Submitted by Anonymous on
Selflessness is one of the hallmarks of a good father. Kindness is the response of a father. Remind all going into positions of responsibility that they are held to a standard .

Deforestation in Uganda is being countered by not very aggressive afforestation because players need quick benefits. It calls for tremendous sacrifice to plant ,protect and watch a tree grow for 2, 7, 10,20 years depending on species. Not much thought is given to what happened before we came into being for the current resource of wood lot we are enjoying today to reach the current volumes. A lot of seedlings are raised, however their servival rate is miserably low. We need a scientific assessment linking current forest consumption, replacement, how much should planted to just replace what is being consumed or to accumulate a forest resource for future generations. I am lay as far as forestry is concerned but over the last years the cost of charcoal has gone up more than 500%.
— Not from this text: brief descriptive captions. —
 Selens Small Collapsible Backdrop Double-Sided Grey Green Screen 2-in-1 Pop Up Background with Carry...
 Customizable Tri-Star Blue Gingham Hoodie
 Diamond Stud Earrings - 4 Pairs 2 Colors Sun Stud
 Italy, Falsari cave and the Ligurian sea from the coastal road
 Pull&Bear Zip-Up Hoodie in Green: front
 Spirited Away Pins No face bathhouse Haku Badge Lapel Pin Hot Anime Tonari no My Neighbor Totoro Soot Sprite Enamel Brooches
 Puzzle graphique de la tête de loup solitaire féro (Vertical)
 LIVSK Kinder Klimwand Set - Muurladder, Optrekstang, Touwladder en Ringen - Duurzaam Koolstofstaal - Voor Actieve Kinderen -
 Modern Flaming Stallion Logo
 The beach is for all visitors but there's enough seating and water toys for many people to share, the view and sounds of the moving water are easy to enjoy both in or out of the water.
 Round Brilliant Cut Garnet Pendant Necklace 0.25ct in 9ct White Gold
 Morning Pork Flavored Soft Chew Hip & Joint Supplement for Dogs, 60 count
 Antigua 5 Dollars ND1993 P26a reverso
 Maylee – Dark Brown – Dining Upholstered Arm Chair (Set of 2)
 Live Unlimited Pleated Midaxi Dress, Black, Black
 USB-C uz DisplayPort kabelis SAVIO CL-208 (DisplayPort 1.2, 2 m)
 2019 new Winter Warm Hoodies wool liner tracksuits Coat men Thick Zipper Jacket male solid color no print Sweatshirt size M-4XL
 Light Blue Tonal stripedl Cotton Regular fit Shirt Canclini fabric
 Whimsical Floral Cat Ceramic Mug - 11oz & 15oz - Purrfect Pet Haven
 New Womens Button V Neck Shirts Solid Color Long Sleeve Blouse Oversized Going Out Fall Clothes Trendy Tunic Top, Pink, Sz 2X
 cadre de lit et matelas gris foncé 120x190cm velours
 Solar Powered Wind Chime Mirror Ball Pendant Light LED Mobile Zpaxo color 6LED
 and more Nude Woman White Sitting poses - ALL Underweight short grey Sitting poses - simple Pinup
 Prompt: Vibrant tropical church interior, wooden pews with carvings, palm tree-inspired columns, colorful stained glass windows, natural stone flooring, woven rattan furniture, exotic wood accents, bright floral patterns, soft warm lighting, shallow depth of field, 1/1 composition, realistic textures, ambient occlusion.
Submitted by James A. Singma... on
President Kim; I have been stating on many blogs(Dotearth & Green NYTimes, NRDC's Switchboard, Yale's E360 and elsewhere that we will be wasting our kids' futures by the way we are mishandling our organic wastes, especially biowastes. No one seems to recognize that biowastes are an already harvested forever biofuel supply line needing no land, water or fertilizer to be taken from growing food. A process called pyrolysis can be used on collected biowastes including separated sewage solids and cattle feed lot wastage, to get an expelled volatile organic mix that can be trapped to get a renewable fuel supply system or to be refined to raw materials for making drugs, soaps, etc.. That process also destroys germs drugs and toxics in the wastes, but some other toxics may get formed that will have to cleaned out in the trapping operation. The destroying of those hazards would save billions of $$$s presently wasted in trying to keep dumps monitored to prevent escapes of those hazards. About 50% of the waste would become charcoal to be used as a soil amendment as it will have some plant nutrients. AND THAT REPRESENTS A CARBON AND ENERGY NEGATIVE ACTION TO REVERSE CC. I can send you a much more detailed statement on this action to actual reduce the overloads of heat energy and CO2 in the biosphere, AND with the benefits accruing of destroying those hazards so that they have no chances of escaping to pollute our kids off earth. Again let's not let our mishandling of our organic waste messes be what wastes our children's futures!!!!

Submitted by William on
I personally think for us to be fully able to achieve full change and also stop the problem of poverty, then first we should be able to state or note down our constraints in relation to what we want to achieve. Thus when we embark on the journey of change then we are able to know what is the maximum we can achieve subject to the constraints we found and just achieving that maximum alone regardless of how small it is will be a stepping stone to achieving an even greater goal in the long-run.